I watch a couple of football games and do the "sleep" thing and look - the thread goes crazy. Cool.

Good stuffs in here.
[quote name='"Scottie"']And, how do they determine trustworthiness of the sources? Are we back to PR ratings?[/quote]
Topic sensitive PR
could do it for the sectors for which topics that are defined. LocalRank
could play into it as well - though obviously the search would have to be made to generate the "term/localRank relationship". Google is also tracking clicks from time to time nowadays. Many speculate that this is going to give sites that get lots of traffic a boost in the ranks. I don't think so (well, it will, sort of). Those clicks (if the user doesn't go back to the same set of SERPs and click something else again) help to determine satisfaction. If I don't go back to the serps after visiting a site, I most likely got my answer, and therefore that site is a good source of information on that subject.
[quote name='"Scottie"']Heck, we've now got two pages on the web that appear to confirm that Ray Charles is love.[/quote]
If there are enough sites out there so that a pattern emerges, then yes, that assumption could be made. Chances are, though, that the word love is going to appear contextually before "Ray Charles" as in "I love Ray Charles' music" more often than anything else on those pages. Pages that actually have the example you gave are likely humor type sites and there will be no other mention of Ray Charles, so you're not going to get the confirming numbers needed.
The comparison of two documents just won't cut it. If I'm a baseball player and I play in two games and have a batting average of .400, it is a sign that I
might be a good player. If you've played in 500 games and I have an average of .300, you're definitely a good player and even though it's less than .400, chances are, smart money is going to give you the advantage when we're going head to head in a batting derby.
In the LocalRank Arena:
[quote name='"Scottie"']Standard PR is used to pull the top 1000 (or whatever number they choose) results.[/quote]

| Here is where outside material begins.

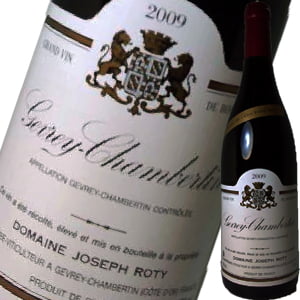 ドメーヌ・ジョセフ・ロティ・ジュヴレ・シャンベルタン・クロ・プリウール・バ　2009のサムネイル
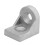 10Pcs Ecke Joint Extrusion Halterung Aluminium 12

The number is likely much lower in respects to LocalRank, but that's pretty much the gist of it. 1000 is the total number of documents in the set that are ranked, but since people are only going to look at the first couple of pages (as a general rule) LocalRank is likely calculated on a smaller number to save on resources. Once you get down below 100 or 250 or whatever, the bonus you get from this won't move you close enough to the top to make it worth doing the math anyway.
There are three steps to Google's caclulations on a query.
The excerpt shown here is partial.